Umno’s Kuala Balah assemblyman Datuk Abdul Aziz Derashid — the only one who spoke on record — refused to touch on the Sultan’s public show of support at the Sultan Muhammad IV Stadium in Kota Baru on Tuesday.
He instead said the issue was pending at the Kuala Lumpur High Court where the civil suit between Kelantan and Petronas began hearing on June 1.
“We will let the courts decide, anything else could be sub judice,” said the lawyer.
Institute of Democracy and Economic Affairs (Ideas) CEO Wan Saiful Wan Jan said the royalty’s decision to come out in open in a show of support would prompt a rethink from the federal government.
“Hopefully, with the involvement of royalty, the government would reconsider its stance on the matter,” he said.
He urged the federal government and Petronas to stop politicising the issue and “pay up” he RM1 billion demanded by the state government.
He said the federal government should honour Act 114 of the Petroleum Development Act that was signed in 1974 between all states and the federal government, which entitles Kelantan to earn oil royalty from 2004.
“It is as simple as someone having made a promise to someone else. But the problem is the issue has been politicised,” he said.
He also rebuked suggestions that the federal government could pay the oil royalty money through other means — such as federal bodies — and not to the state government if it’s not confident of the state leadership.
“The federal government has no business in judging the suitability of a state government.
The agreement is for federal to pay the money to the state government of the day. The Kelantan people will decide who’s their state government,” he said.
PAS vice-president Datuk Husam Musa said that the state is thankful to the sultan’s support and reiterated that royalty have always been supportive of the state’s demands.
“We will continue with our demands and we will continue working hard,” he said, adding that former Football Association of Malaysia (FAM) deputy president Tan Sri Annuar Musa, an Umno member, had also signed a memorandum supportive of the state’s efforts during a football match at Bukit Jalil back in April.
Husam said that the state is also up in arms over Petronas’ refusal to land a gas pipe line in Kelantan although gas is being extracted in Kelantan waters.
“These are purely Kelantan waters.
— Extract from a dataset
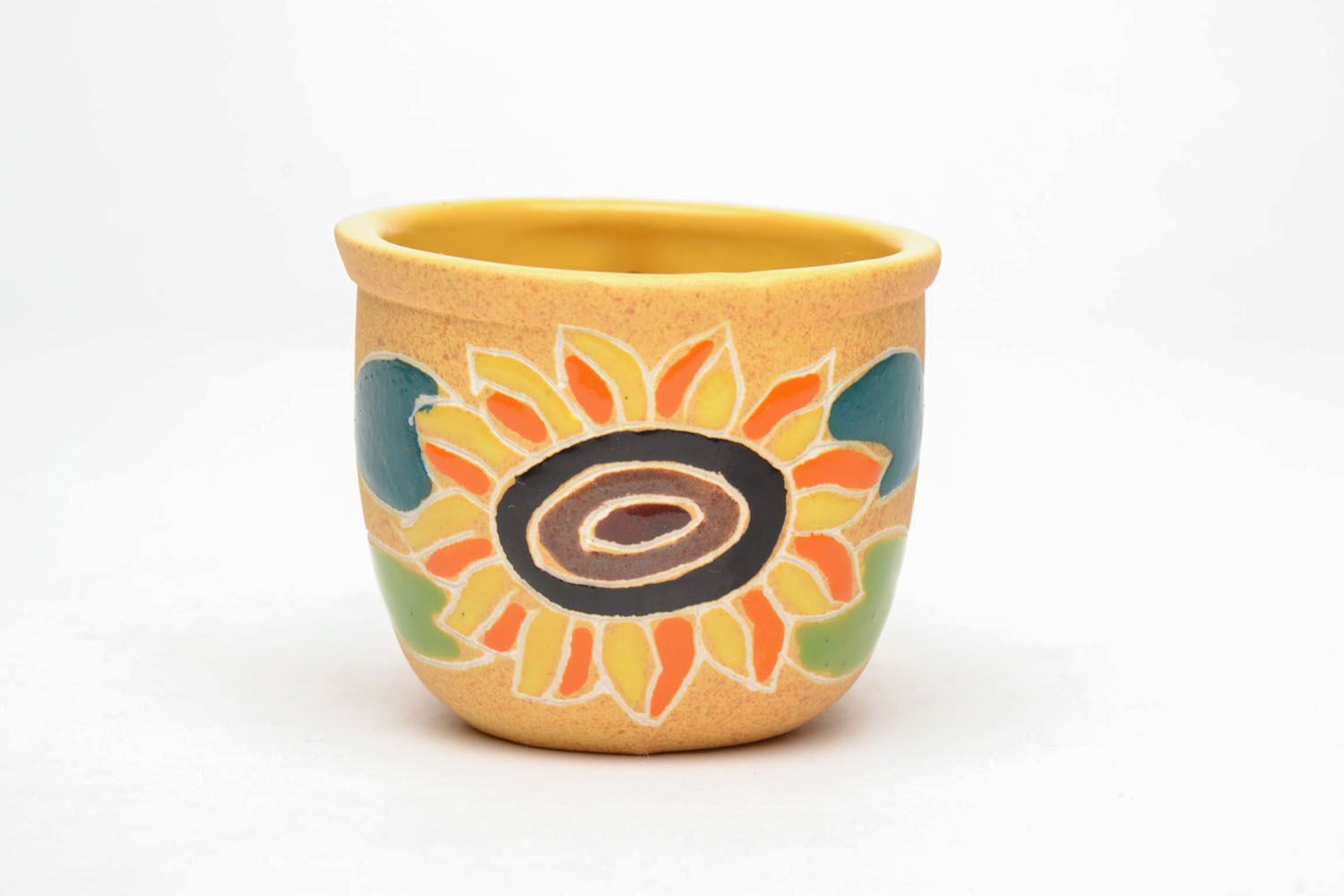 Yellow color clay small 3 oz coffee cup with handle and floral sunflower pattern photo 2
But (Petronas) is landing the gas in Terengganu instead.
They told us that landing it in our shores would mean high carbon content,” he said, adding that gas lines in Kelantan would spur the petrochemical industry in the state.
PAS’s Chairman of International Affairs Dr Syed Azman Syed Ahmad Nawawi assured that the state would be responsible in using the oil royalty money for the benefit of the Kelantanese people — which is what the sultan wants.
“If we get the money, we can build a highway from Kota Baru straight to Kuala Lumpur.”